What the exercise asks:
Every line below from the one containing "Xhilaration Skater Skirt" through the one containing "Triệt phá đường" is to be printed exactly, with the pictures omitted.

Given records:

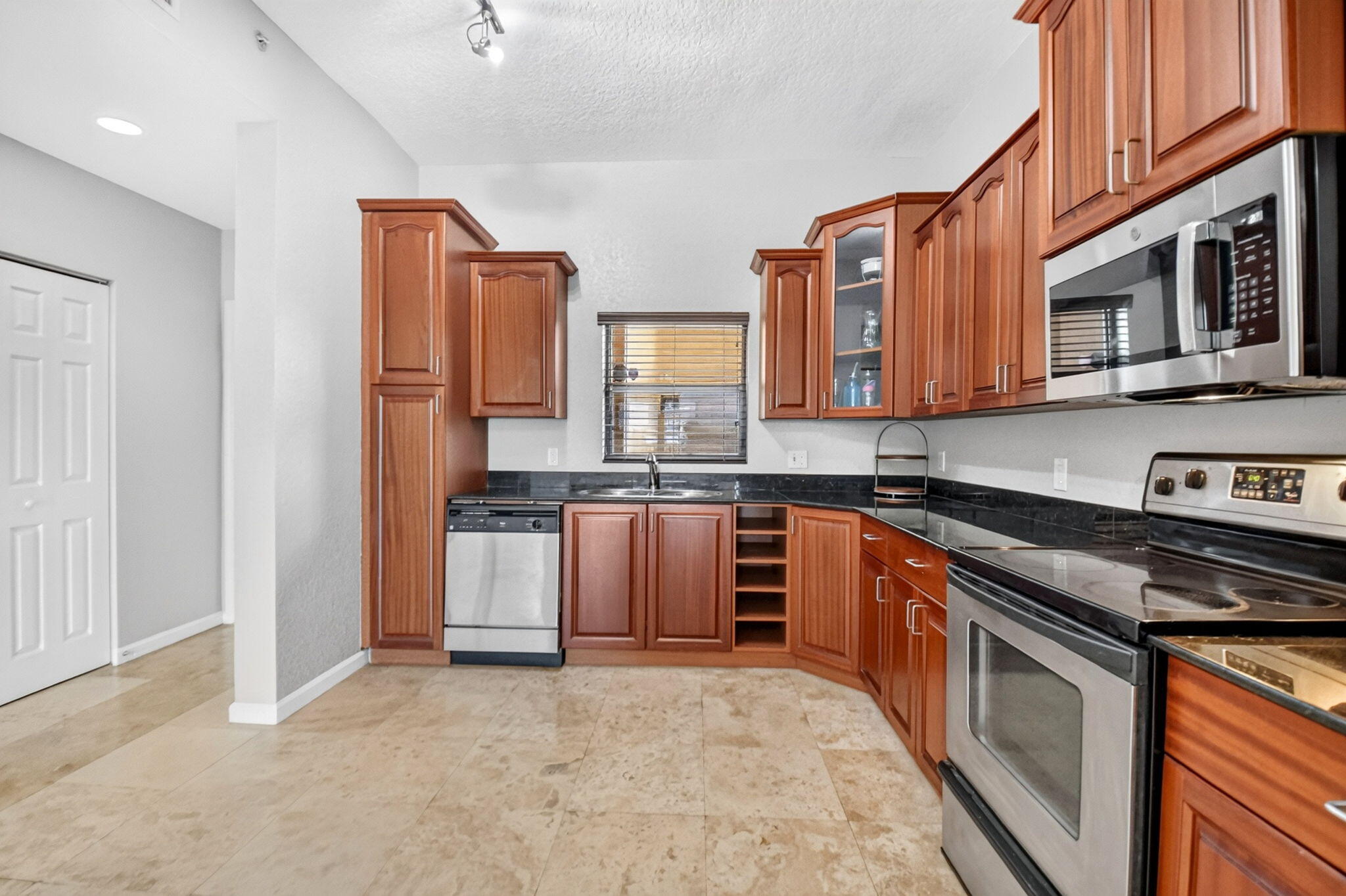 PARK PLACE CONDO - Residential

==

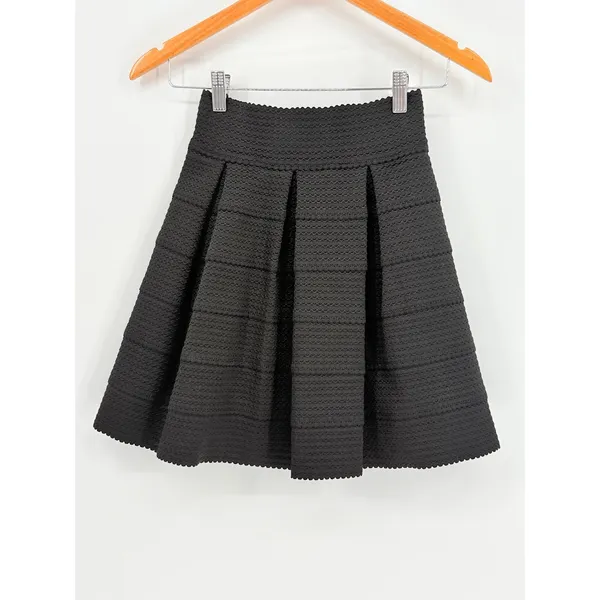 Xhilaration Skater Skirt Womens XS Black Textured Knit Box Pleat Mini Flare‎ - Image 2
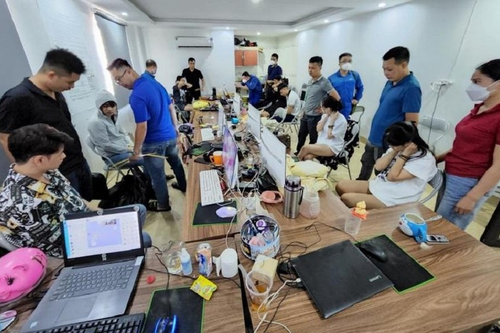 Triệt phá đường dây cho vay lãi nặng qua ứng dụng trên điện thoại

--

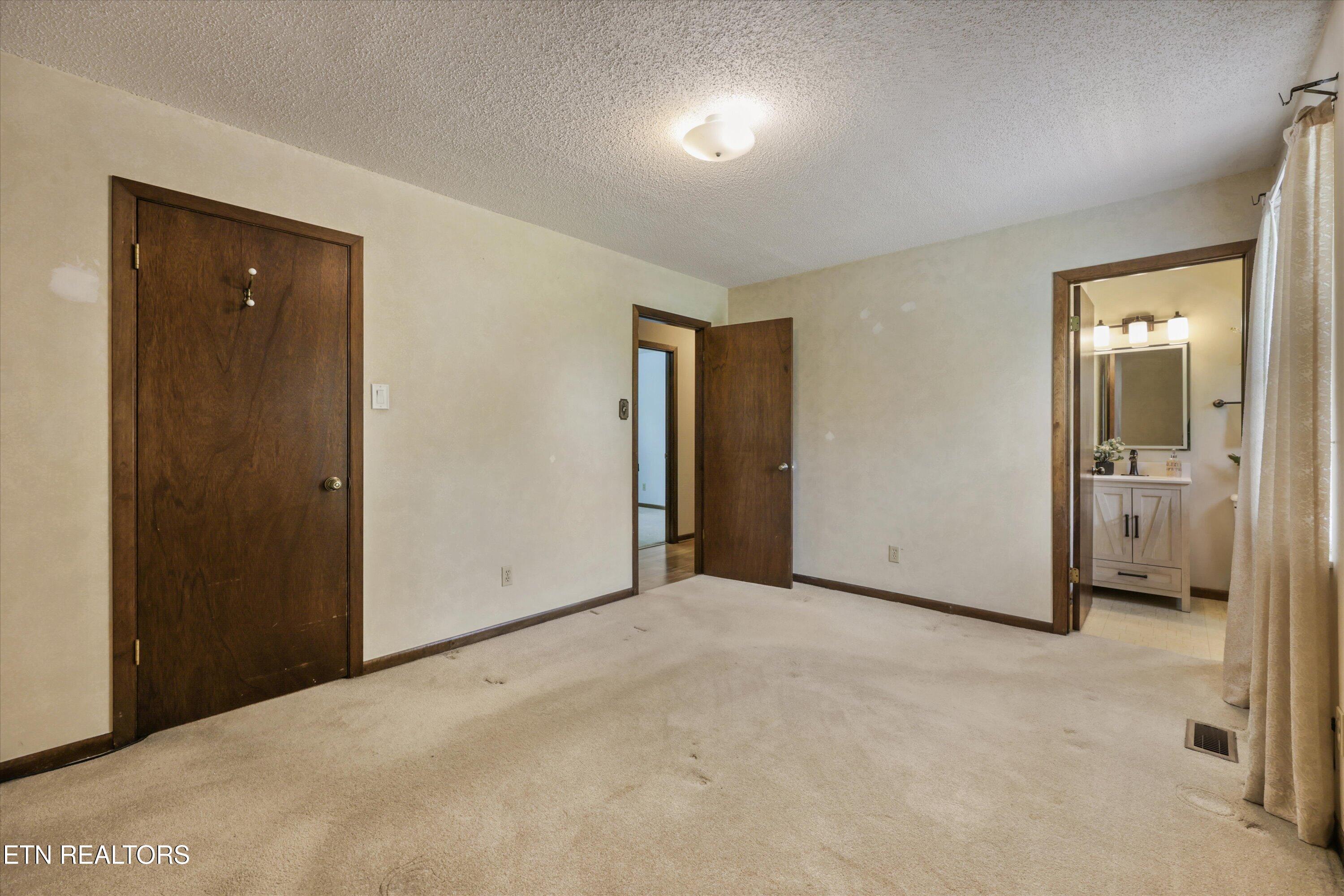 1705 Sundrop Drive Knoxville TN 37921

Answer to this problem:
 Xhilaration Skater Skirt Womens XS Black Textured Knit Box Pleat Mini Flare‎ - Image 2
 Triệt phá đường dây cho vay lãi nặng qua ứng dụng trên điện thoại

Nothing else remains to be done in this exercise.